Gameplay while applying pressure
Game over screen
Screen when finger is released from device
Inspired by classic iPhone and Andriod games, our team set out to create a game that our younger selves would have love to play. This idea turned into our game, Dividr. Games like Doodle Jump, Temple Run, Subway Surfers, Duet, and many others took up most of our time during our younger years. Using modern, up-to-date technology, we were able to create a game that was both fun and functional. We hope you enjoy Dividr as much as we do.
What it does
The goal of Dividr is to get the highest score possible by surviving for as long as you can, and picking up coins along the way. To help you reach your goal, you can break your character into two separate parts that you can control sanctimoniously. We wanted to optimize Dividr for the best possible game-play on each device, so we created fluid controls custom to each device. For the iPhone 6s, we use 3D touch to break apart the player, since this would offer the most fluid and responsive movement. On the other hand, using the Apple TV, we collectively decided as a team to use the swipe feature of the remote. This offered the most user friendly experience on that device.
How we built it
Dividr is a native iPhone app that is built in Swift using XCode. We use the Sprite-Kit framework to do most of the image displaying, but for the most part, everything is made completely from scratch. The graphics were made in Illustrator using a good amount of strokes and glow effects.
Challenges we ran into
At first, we wanted to create our own custom controller for the Apple TV that would allow 3D touch to work on the screen. As we began working on this project, we realized that with the current Bluetooth technology, it would not be as effective as we would have hoped for. We also decided that this would not be the best way for people to play Dividr on the Apple TV. So we moved on, and made a great game using the swipe feature.

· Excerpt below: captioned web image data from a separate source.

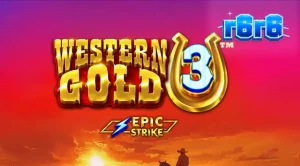 Tampilan visual slot Western Gold 3 dengan latar belakang ngarai dan simbol koboi.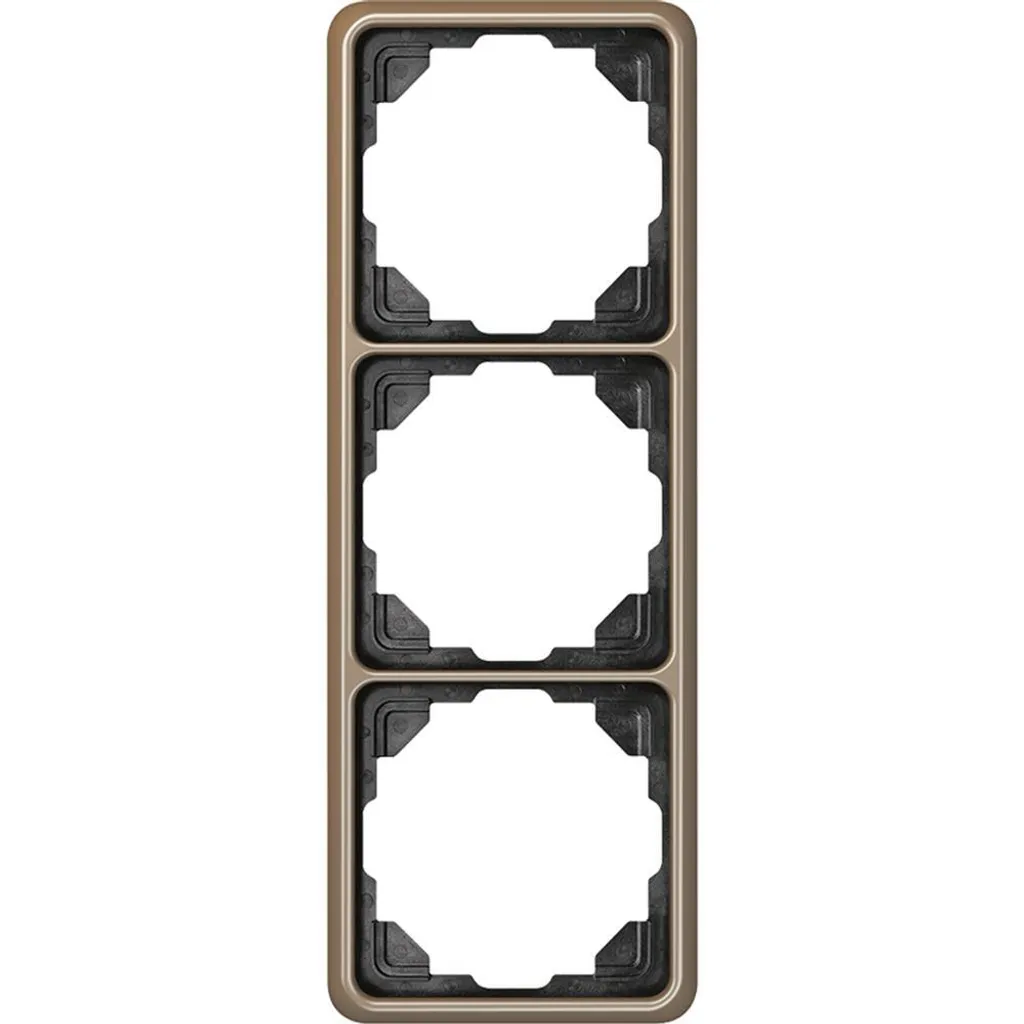 JUNG CD500 Cadre 3 postes Bronze Doré p.GEB-K pour Finition Haut de Gamme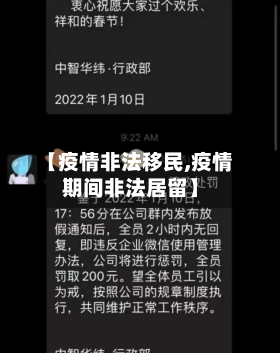 【疫情非法移民,疫情期间非法居留】-第2张图片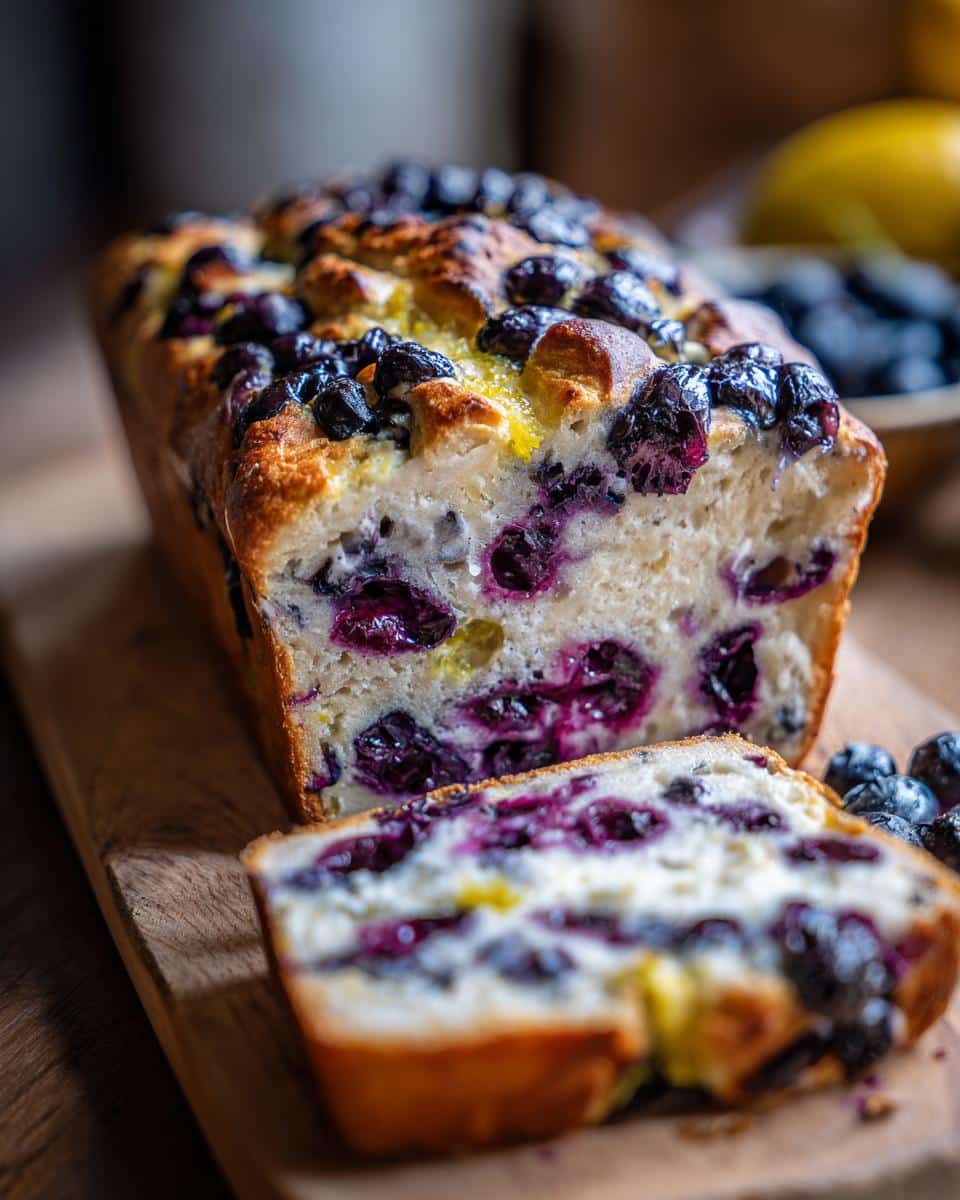 A loaf of blueberry lemon sourdough bread, sliced, showing the blueberries and lemon zest throughout the bread.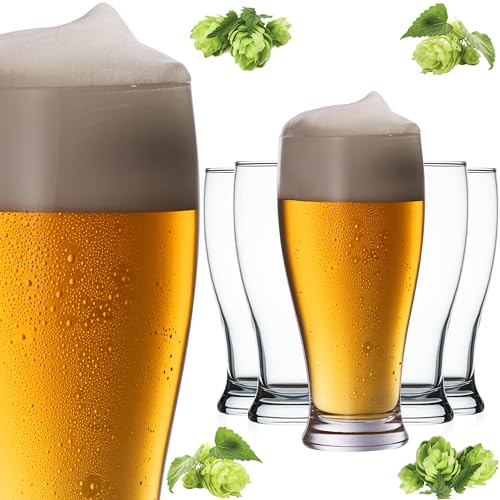 PLATINUX Biergläser Set 6 Teilig 500ml (max. 565ml) Bierseidel aus Glas Bierkrug Weizengläser hohes Bierglas 0,5L von PLATINUX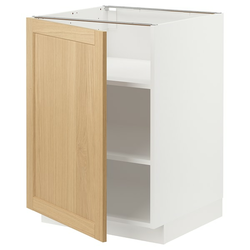 METOD Podni element s policama, bela/Forsbacka hrastovina, 60x60 cm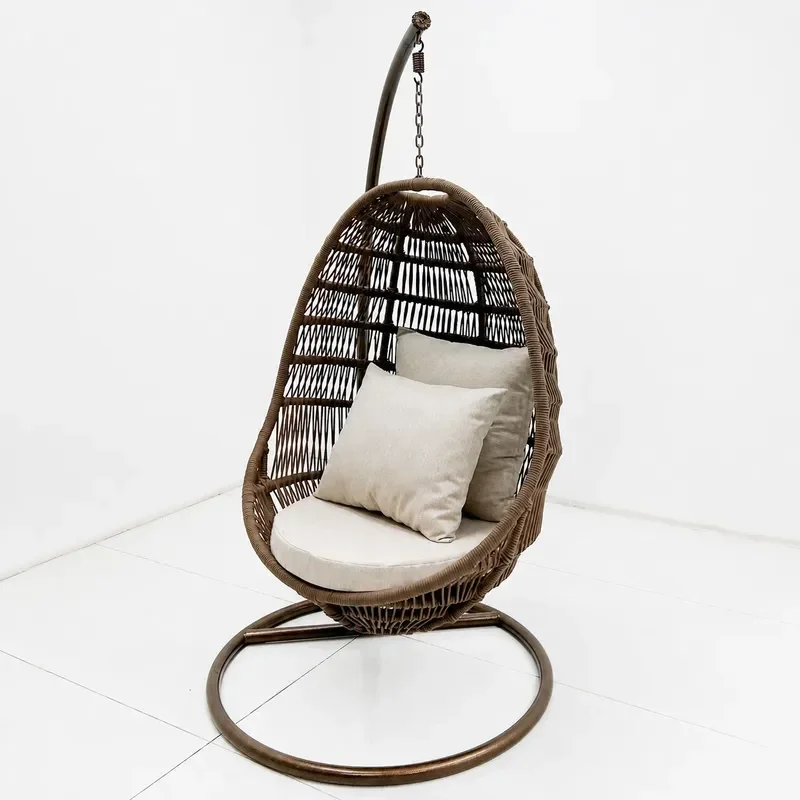 Wholesale Rattan Hanging Basket Chair Rainproof Sun Protection Swing for Villa Courtyard Garden Hotel B and B Bird Nest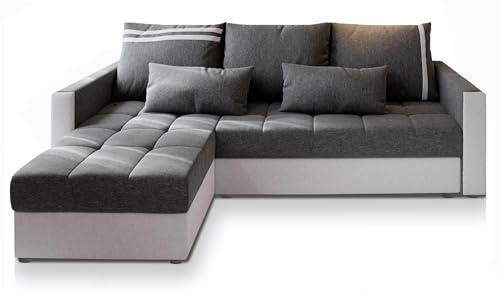 Masseno Ecksofa KOS PIK mit Schlaffunktion L-Form, Sofa mit Bettkasten, Wohnzimmersofa, Couch, Soffa, Bettsofa, Couchgarnitur- Hellgrau, SAWANA 21 + MADRYT 920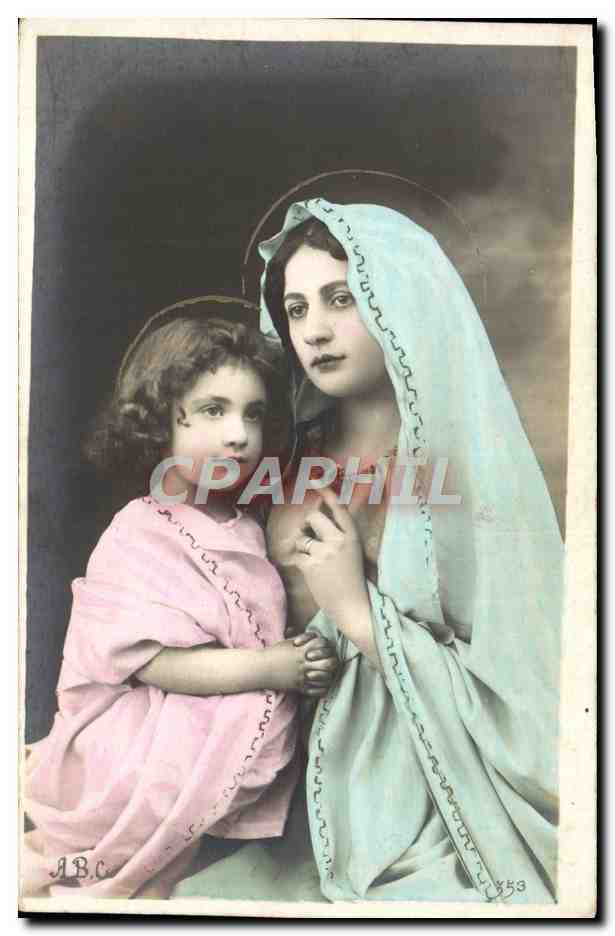 CPA Fantaisie Femme Enfant Vierge
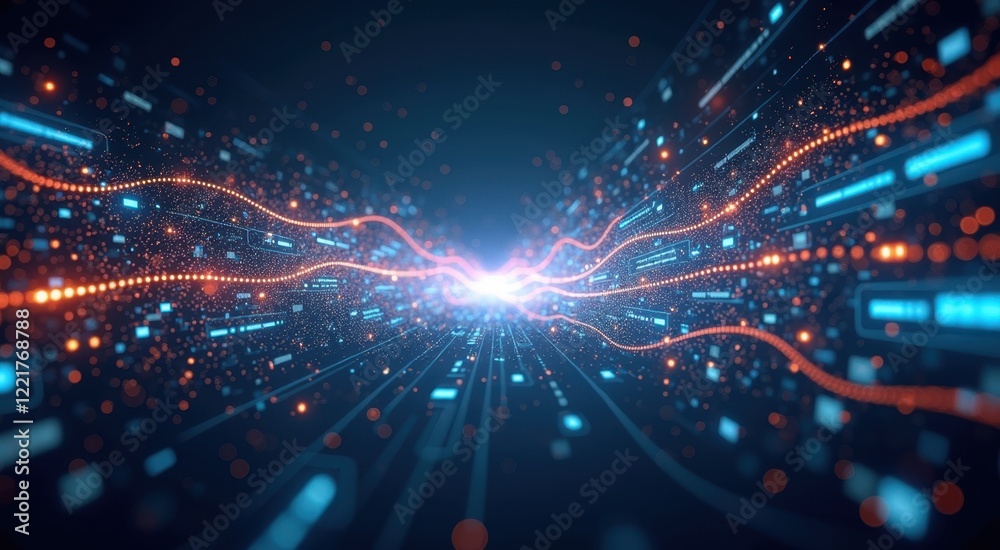 Fototapeta premium A close up of a blue and orange light with a black background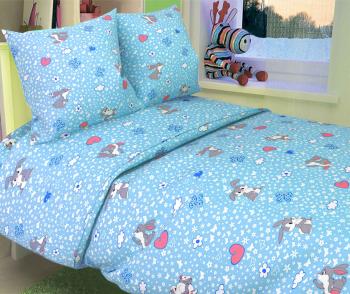 Постельное белье из бязи 125 г/м2 &quot;Сказочная страна&quot; 110*140 (диз.: 85 Зайки серые 4/5 бело-голубой) КБ
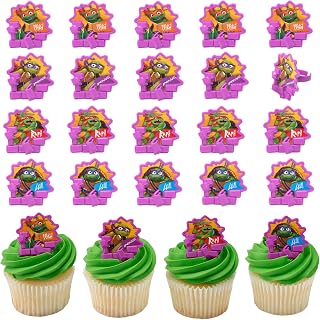 DecoPac Teenage Mutant Ninja Turtles Turtle Power Rings, Cupcake Decorations For Birthday Party, Cakes, And Celebrations - 24 Pack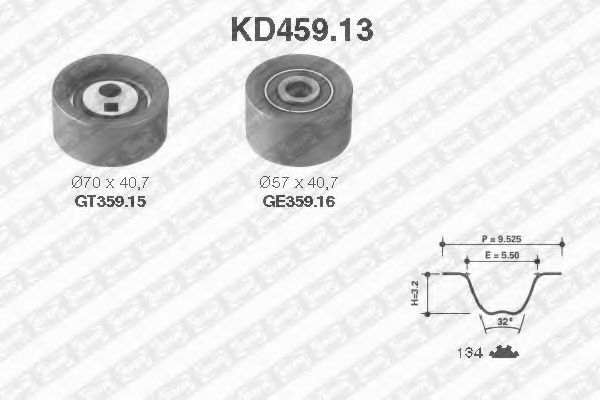 Комплект ремня ГРМ SNR KD459.13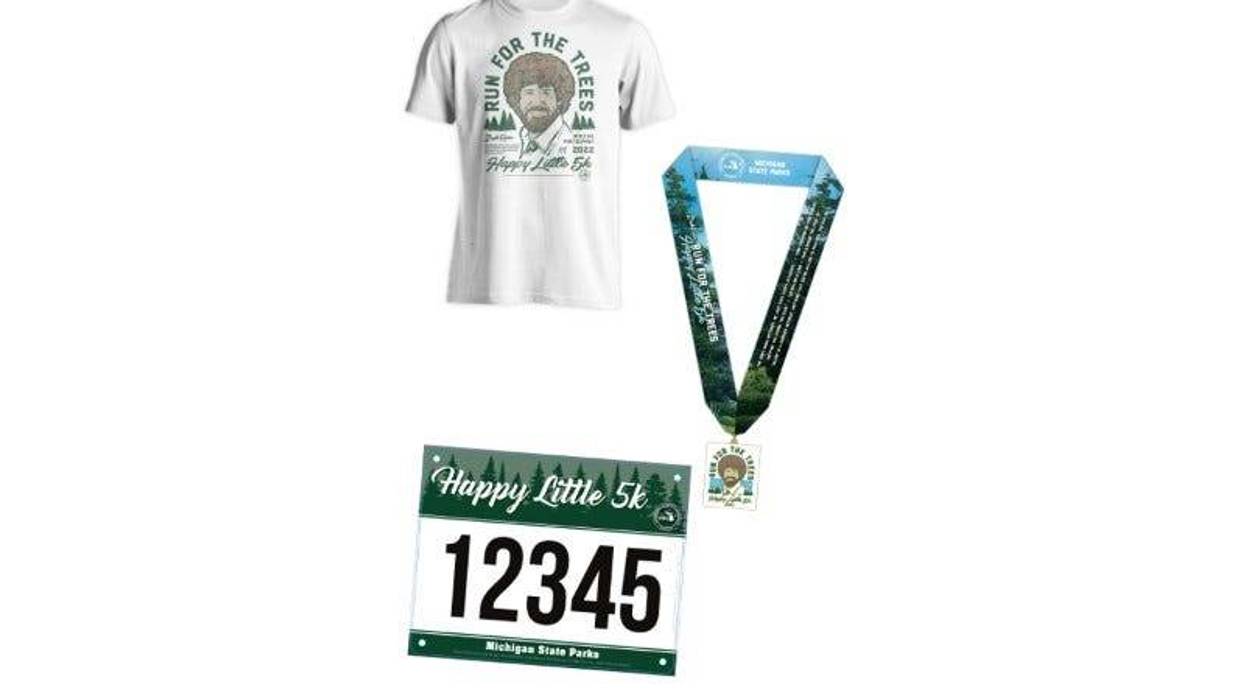 Happy Little 5K shirt, medal and tag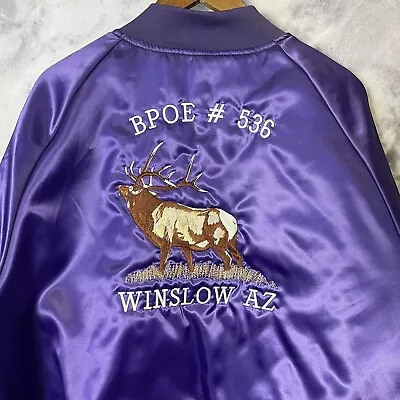 Vintage Elk Jacket Mens 2XL Button Up Embroidered Bomber Purple Winslow USA • $23.73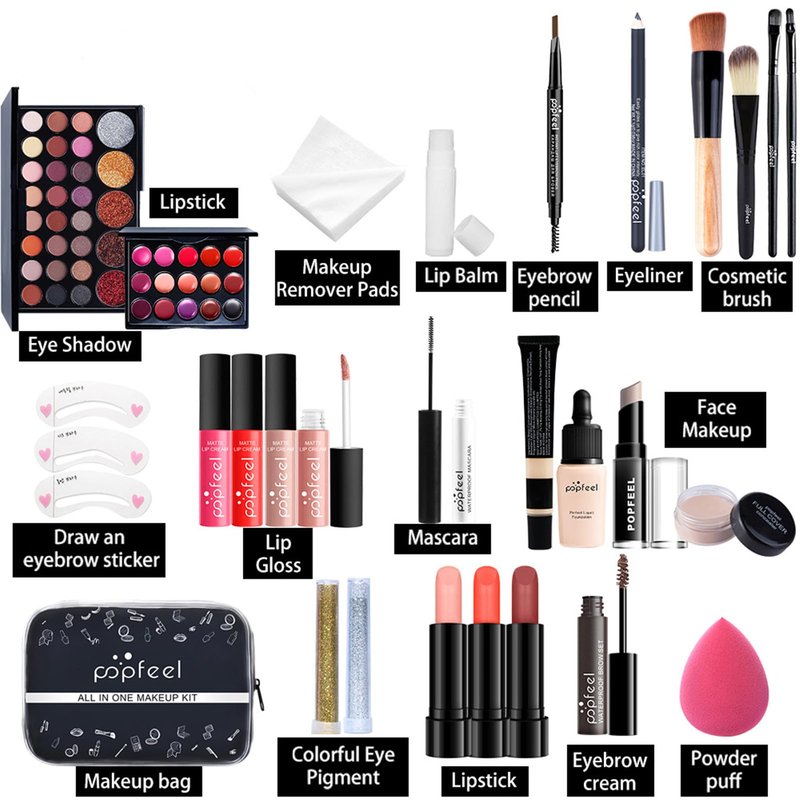 All in One Makeup Kit for Women Full Kit, Mother's Day Makeup Gifts Set for Women Girls, Makeup Essential Bundle Include Eyeshadow Palette Lipstick Blush Foundation Concealer Mascara Eyebrow Pencil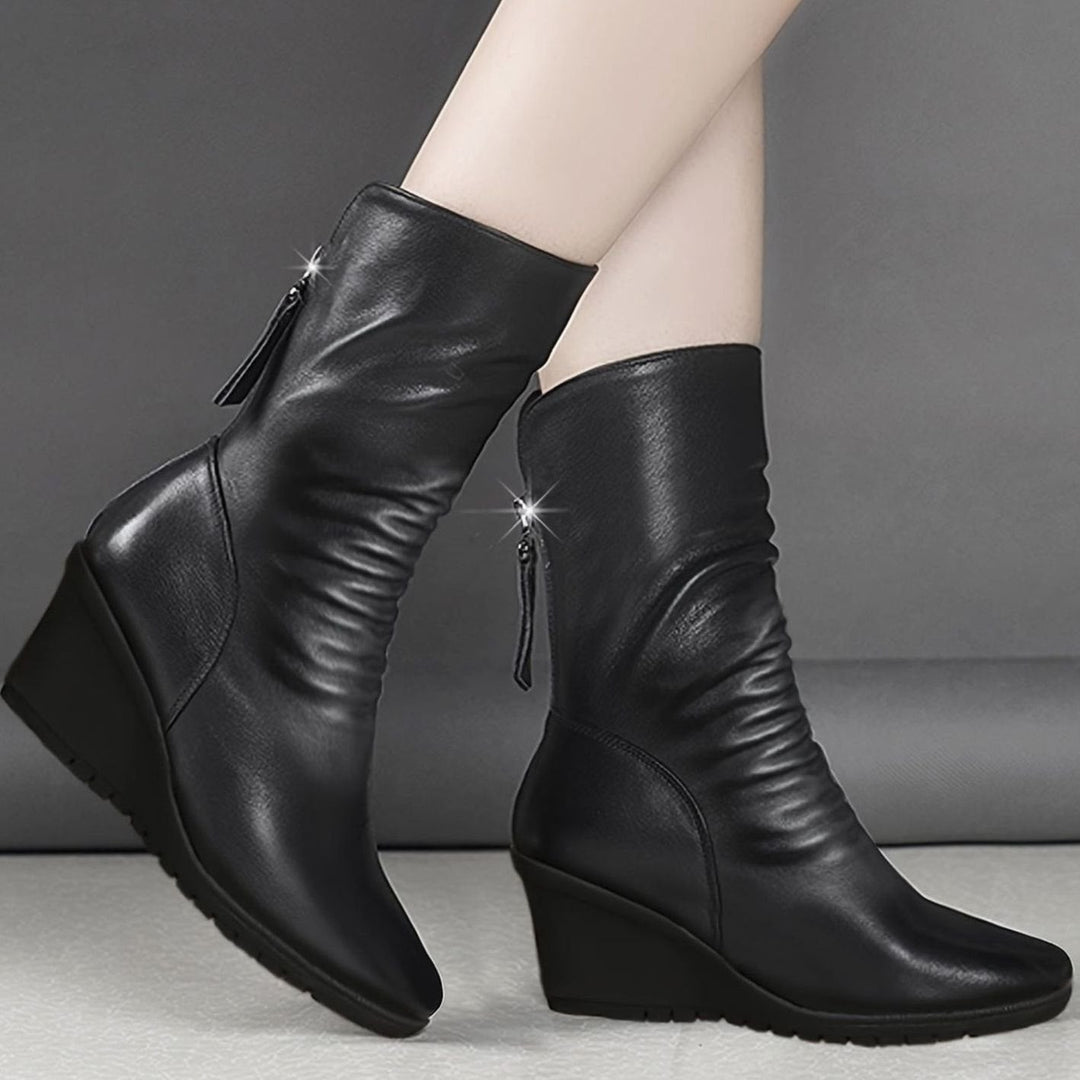 Damen Stiefeletten mit Keilabsatz und gerafftem Schaft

Accomplishments that we're proud of
We’re very proud of our use of the 3D touch capability on the new iPhone 6S’s. This is an extremely new technology that we feel hasn’t been heavily utilized in current apps and that our game uses to the feature’s fullest. In making Dividr multi-platform we felt that the app shouldn't just be wholly replicated but instead enhanced for each of the device’s unique characteristics which why our port of the game to tvOS is another accomplishment we take pride in. In the iOS version we rely entirely on 3D touch input whereas on the Apple TV remote with no pressure sensitivity, we use gesture controls to accomplish the same interaction with the app.
What we learned
With only one of our three members having any experience in Swift (very minor) prior to this Hackathon, we feel as though a comfort in coding with Swift and using Sprite Kit was something we learned. We also learned that though Swift is very cross compatible, designing an app for two different platforms such as tvOS and iOS requires a large amount of object and controller tweaking. Core game functions and dynamics of objects were carried over very easily, however images and text proved to require a large amount of modification.
What's next for Dividr
As a team, we want to see Dividr grow into a top tier iPhone and Apple TV app. As of now, we currently have plans for adding features that will increase the overall Dividr experience greatly. We hope that you can join us on this journey as we publish our app to the Apple Store on both devices, and continue to develop a great game.